- Exercise prompt -
Begin with the line below holding "36x20x9 Corrugated Shipping" and go on through the line holding "Squadra ARDA Linea", duplicating each line exactly and leaving out pictures.

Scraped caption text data
========

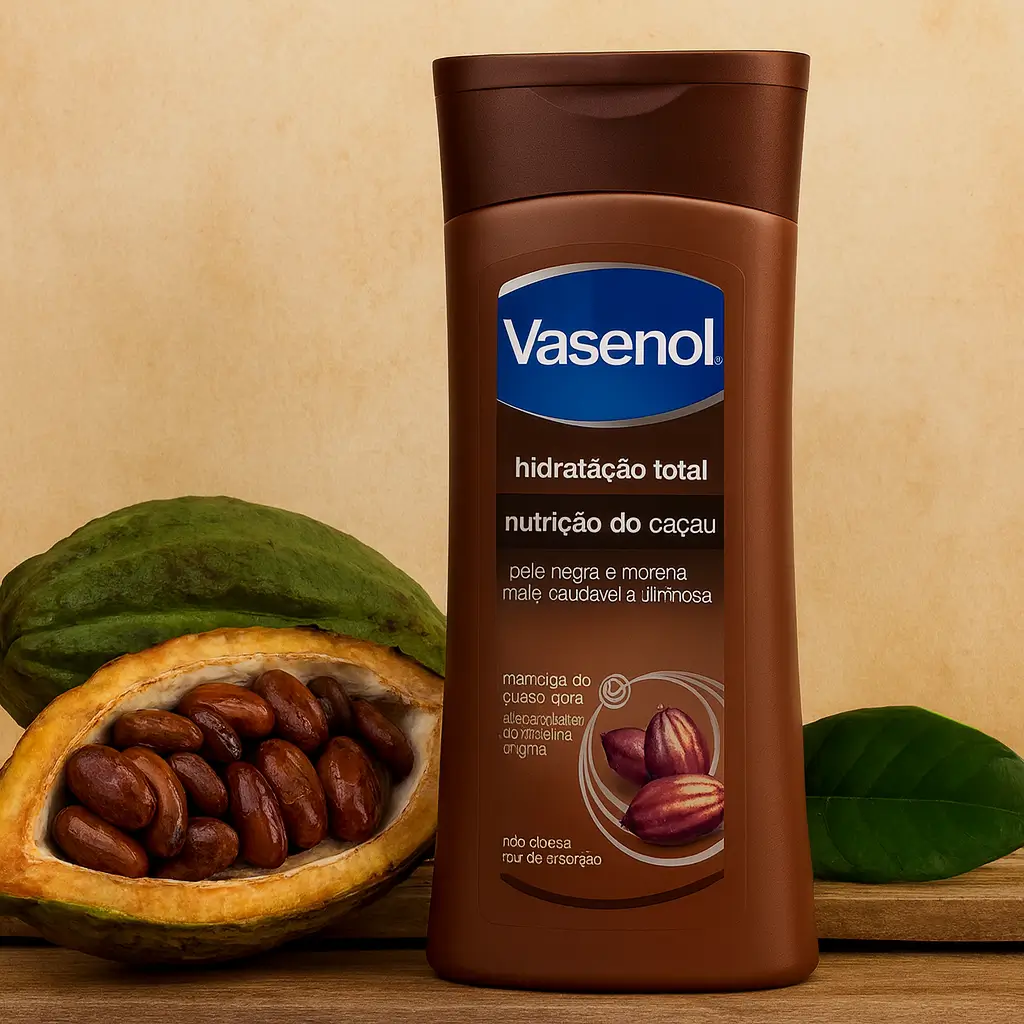 Frasco de Vasenol Hidratação Total Nutrição do Cacau para pele negra e morena, em close sobre fundo marrom com grãos de cacau ao redor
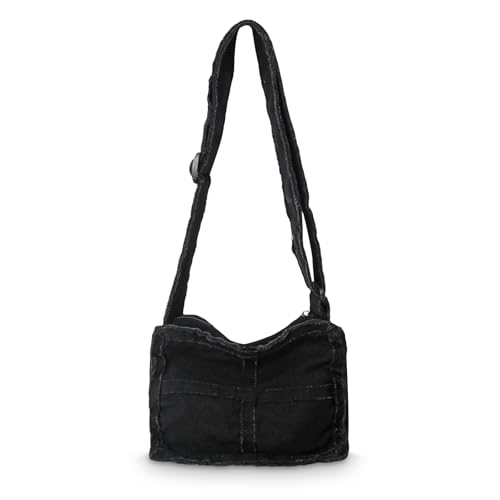 Boziee kleine Canvas Umhängetasche Damen/Herren Vintage Schultertasche Freizeit Crossbody Tasche für Alltag und Reisen (Schwarz) von Boziee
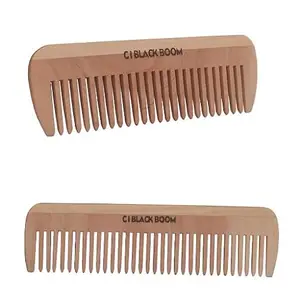 C I Black Boom Neem Wooden Hair Comb Healthy Haircare For Men & Women | Combo - Co5 and Co8
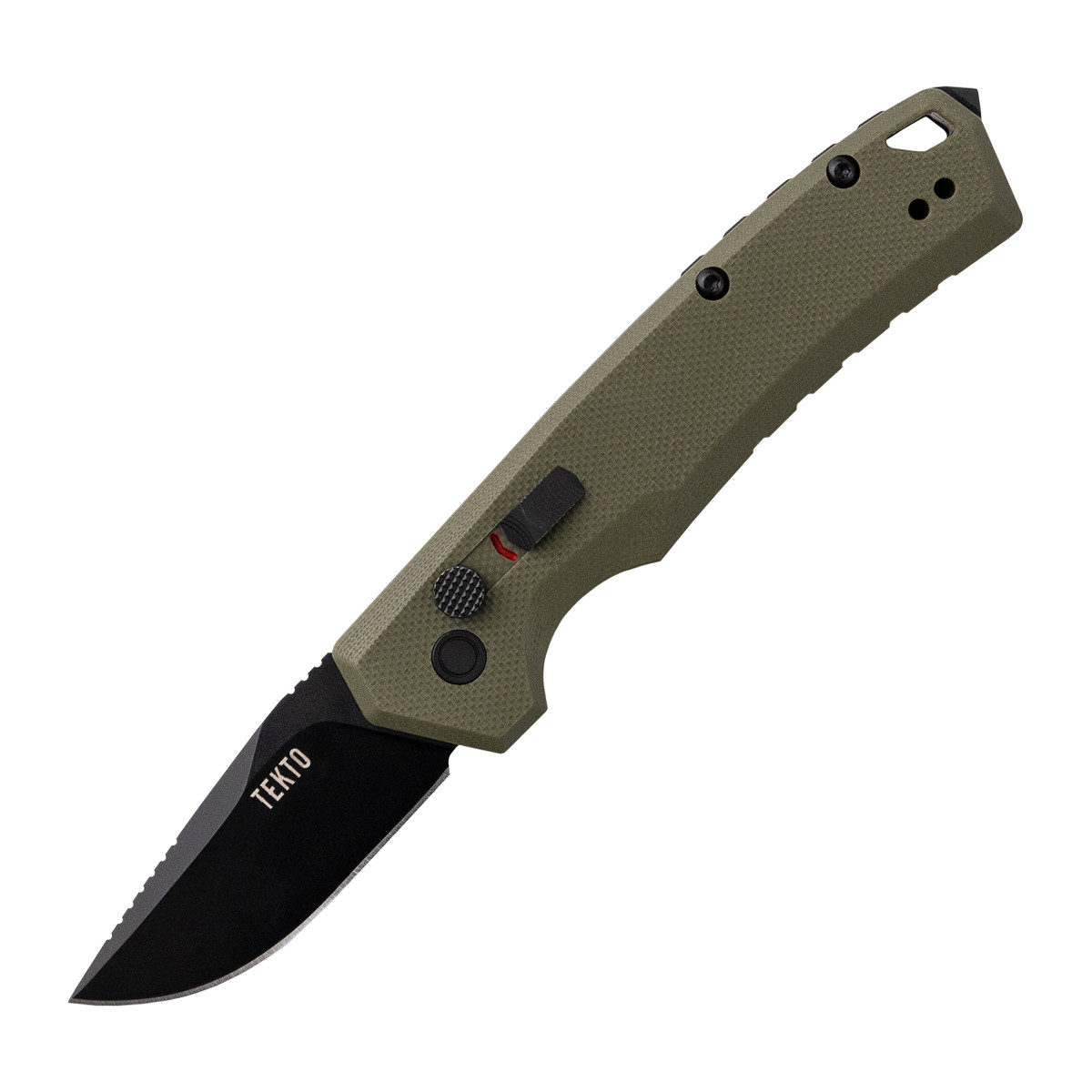 Tekto Knives A3 Delta Mini Auto Knife OD Green G10 1.9in Black Drop Point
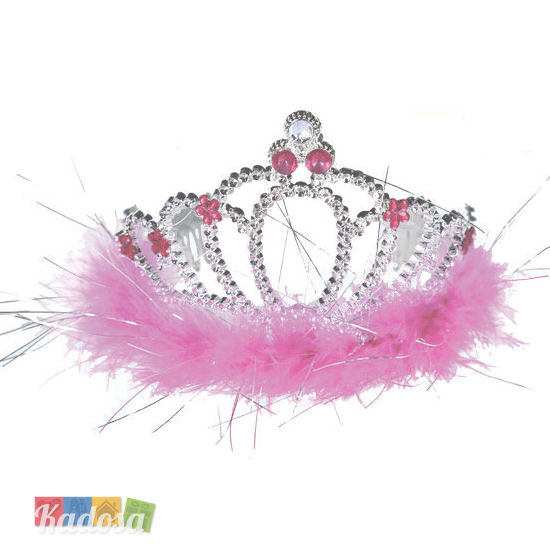 tiara argento con piume rosa - kadosa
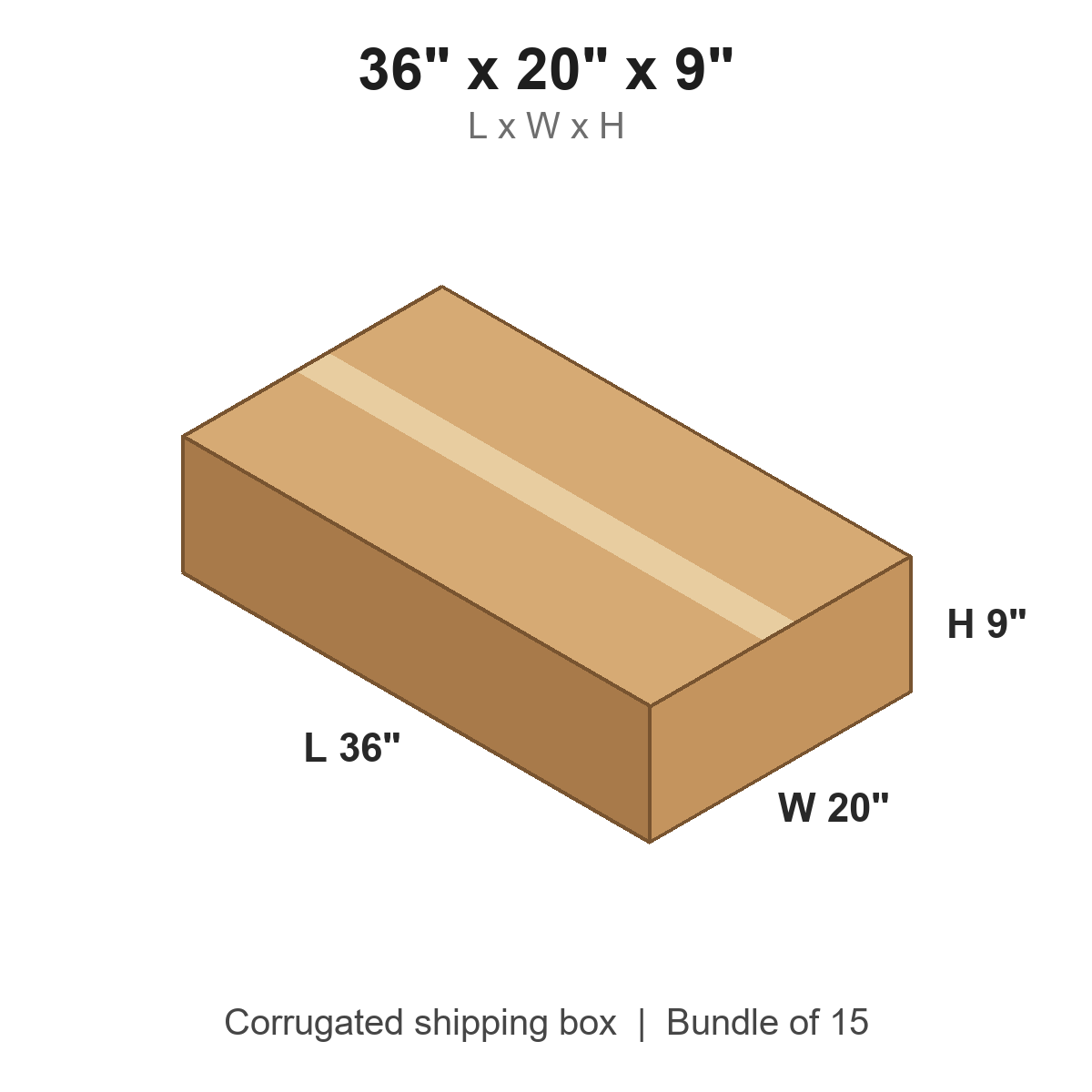 36x20x9 Corrugated Shipping Boxes (36 x 20 x 9 in), Bundle of 15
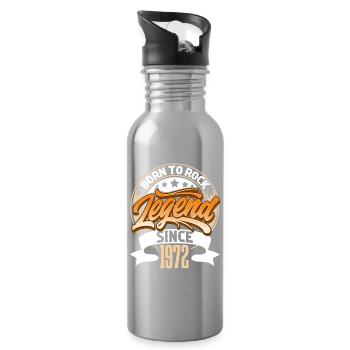 1972 Year of birth Birthday Legend Born To Rock - Water bottle with straw - silver - Right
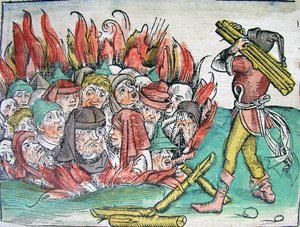 Quema de los Judíos en Deggendorf en 1338 de la Crónica del Mundo de Schedel, 1493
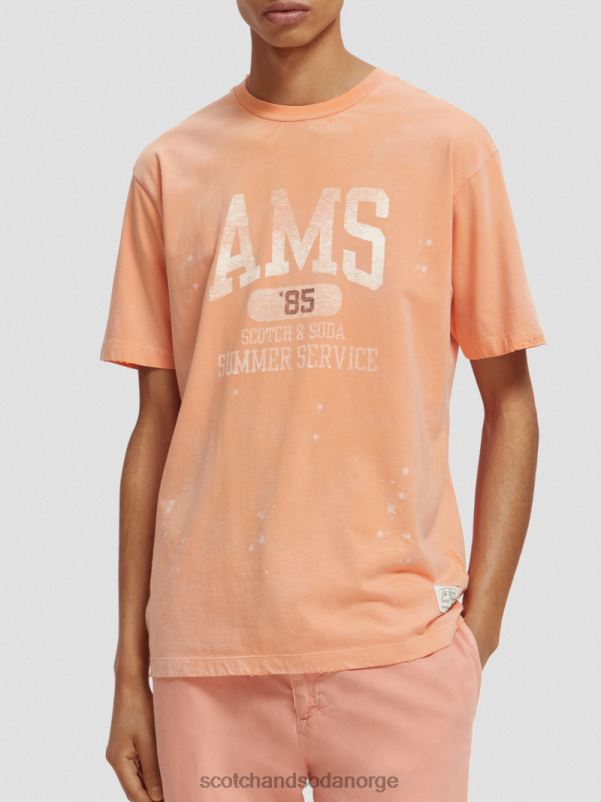 menn grafisk t-skjorte i økologisk bomull lakseappelsin N40XD468 klær Scotch & Soda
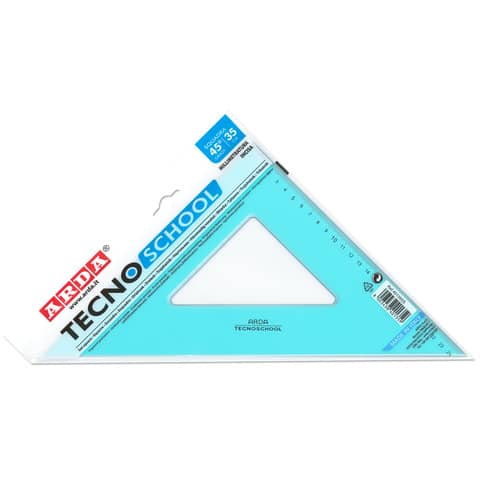 Squadra ARDA Linea Tecnoschool polistirolo termoresistente azzurro trasparente 45° cm 35 – 40135SS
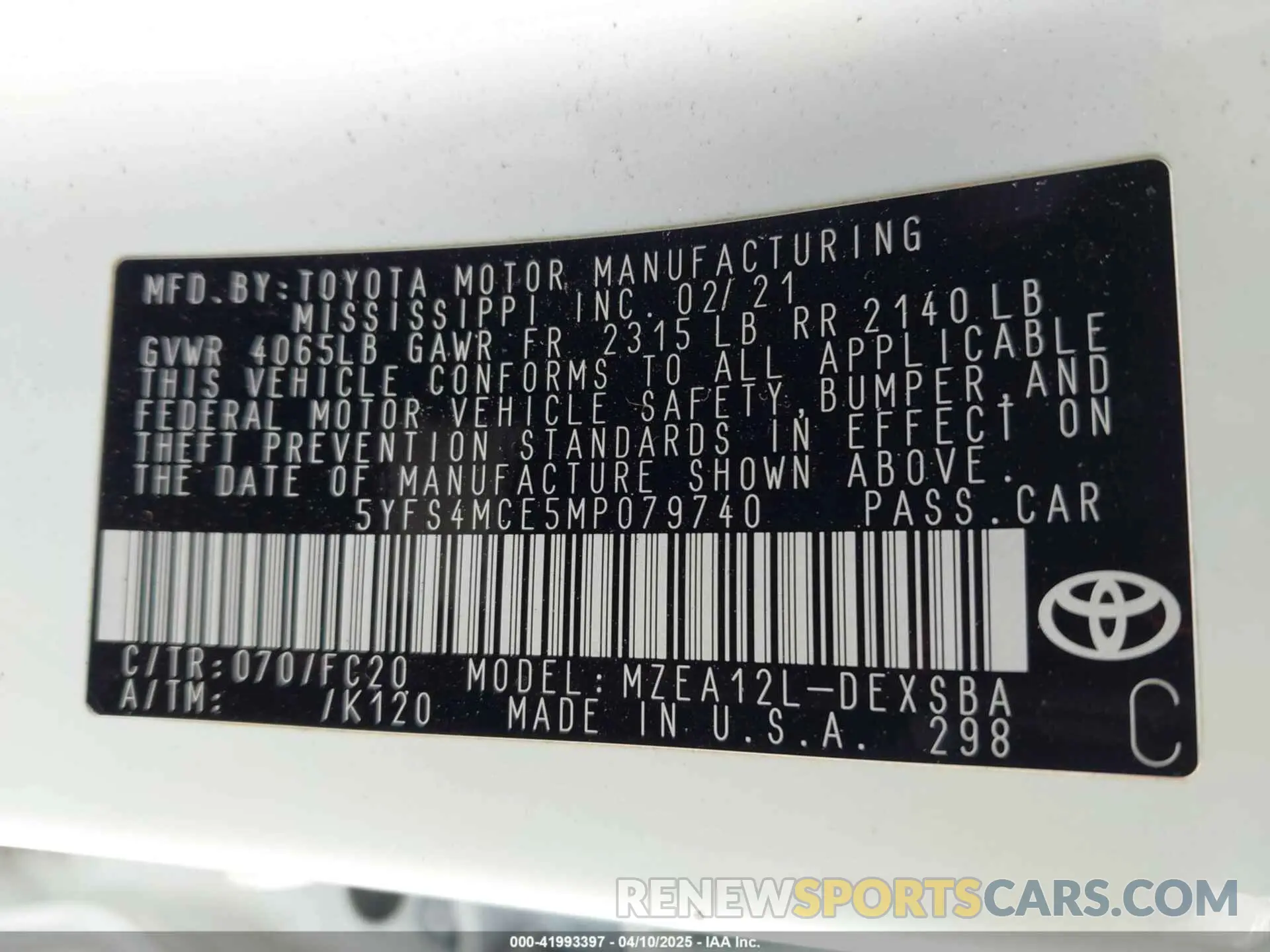 9 fotografías del automóvil dañado 5YFS4MCE5MP079740 TOYOTA COROLLA 2021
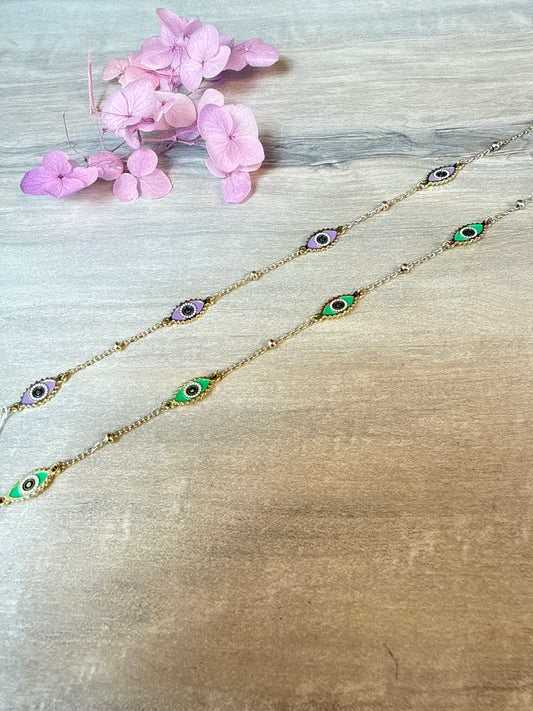 Evil Eye Summer Anklets  - Adjustable Plated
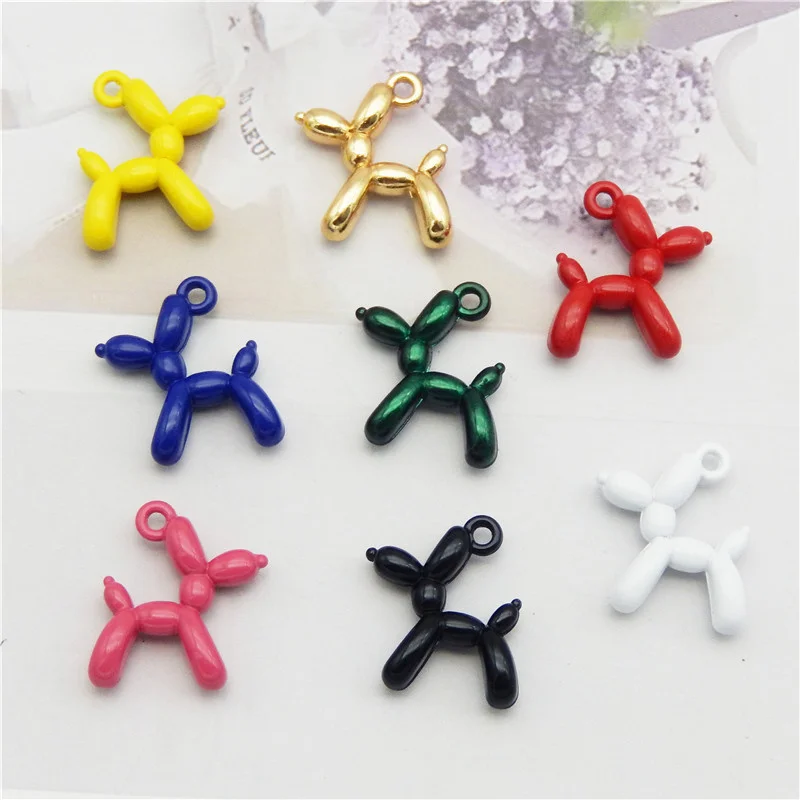 

Julie Wang 8PCS Enamel Balloon Dog Charms Alloy Spray-painted Animal Dog Necklace Bracelet Earring Jewelry Making Accessory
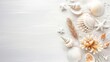 shells on the beach white studio background Generative AI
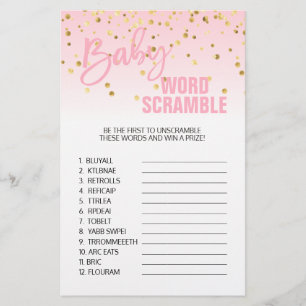Rosa Guld White Girl Baby Shower ORD SCRAMBLE Flygblad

========

- Written response -
 36x20x9 Corrugated Shipping Boxes (36 x 20 x 9 in), Bundle of 15
 1972 Year of birth Birthday Legend Born To Rock - Water bottle with straw - silver - Right
 Quema de los Judíos en Deggendorf en 1338 de la Crónica del Mundo de Schedel, 1493
 menn grafisk t-skjorte i økologisk bomull lakseappelsin N40XD468 klær Scotch & Soda
 Squadra ARDA Linea Tecnoschool polistirolo termoresistente azzurro trasparente 45° cm 35 – 40135SS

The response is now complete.